On March 18, Taiwanese student protestors took over the Legislative Yuan assembly hall in Taipei, Taiwan, and have been camped out there ever since.  On March 26, President Ma Ying-jeou agreed to meet with the protestors to attempt to end the standoff and get Taiwan’s government back to business as usual.

The protests are over a service trade pact with the People’s Republic of China, which would allow greater investment on both sides of the Formosa (or Taiwan) Strait.  It would open eighty percent of China’s service sectors to Taiwan, and sixty-four percent of Taiwan’s to China.  The protestors are up in arms about the fact that not only does it threaten Taiwan’s independence in their eyes, but the majority party, the Kuomintang, signed the pact without bipartisan deliberation, leaving the  Democratic Progressive Party completely cut out.  The students are demanding not only the rejection of the pact, but legislation governing any further agreements across the Strait.

While the protests have remained, for the most part, peaceful, the overall situation is quite similar to that in the Ukraine over the last month.  Both the Kuomintang and President Yanukovych made economic agreements with foreign powers without the approval of their people, and have faced unrest and protest on account of it.  Both China and Russia have been pursuing policies of economic expansionism.  Ukraine belonged to the Soviet Union before independence in 1991; Taiwan separated from mainland China in 1949.  Taiwan has never, in fact, declared independence–China considers it a breakaway province, and has threatened action against Taiwan if it ever officially declares independence.

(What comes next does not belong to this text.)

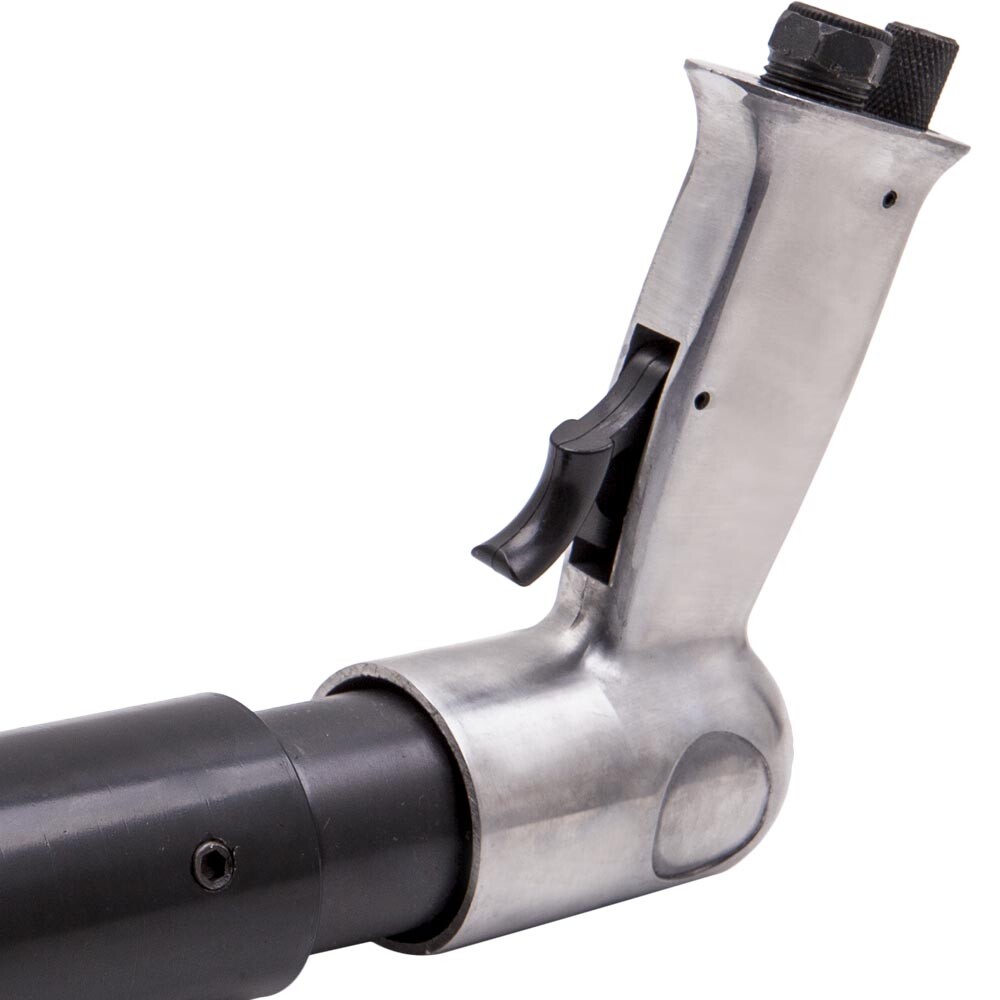 Air Needle Scaler Pneumatic Air Tool Pistol Grip Remove Slag Rust Deburring
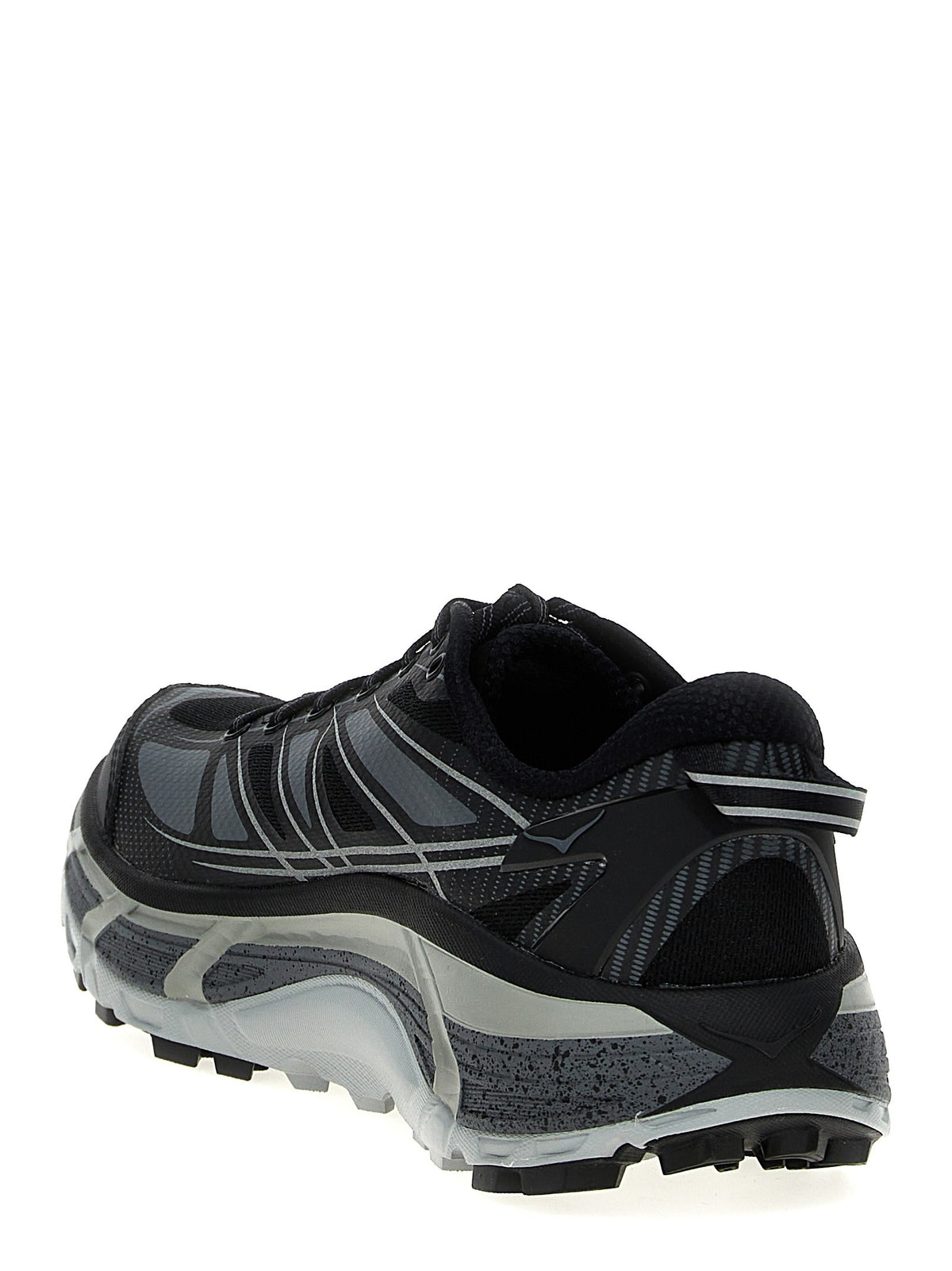 Hoka Mafate Speed Sneakers Gold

So far, there has not been the sort of military saber-rattling one might expect coming from China.  There has been no movement to move into Taiwan like the Russians moved into the Crimea.  While accurate information coming out of China can be hard to come by, it should be noted that there are definite differences between the two situations, largely as concerns Russian and Chinese military power.

Even though drastically reduced from its height, the Russian Army and Navy have substantial professional histories.  Furthermore, Russia and Ukraine share a border.  Taiwan is an island, faced with a country that, for all its population, and the fact that it has, numerically, the largest standing army in the world, has no blue water navy, and has not since the Communists took over.  It has been argued for years now that China lacks the amphibious lift to invade Taiwan, and if this article is accurate, that’s the least of its problems.

This is not to say that China should be discounted.  The Chinese have a long history of multi-axis warfare, illustrated recently by the document Unrestricted Warfare, by two PLA Colonels in 1999.  The indirect philosophy of war goes back to even before Sun Tzu.

One of the axes of attack described in Unrestricted Warfare is economic.  If you look at many of China’s foreign policy actions in recent decades, they are mostly revolving around economic control and resource acquisition.  Faced with an inability to conquer their “breakaway province” militarily, the Chinese appear to be pursuing economic conquest instead.  They are not pursuing this course alone; two years ago, this article outlined how many of Taiwan’s wealthy are urging reunification for economic reasons, largely because they have so many holdings on both sides of the Taiwan Strait.

Just because PLA tanks rolling through Taipei isn’t likely anytime soon doesn’t make this sort of situation any less dangerous.  The absorption of Taiwan into the PRC will be the loss of one more political, military, and economic ally in the Pacific, and further strengthen a country that sees itself, regardless of how the wishful thinkers on this side of the Pacific might view it, as our prime rival.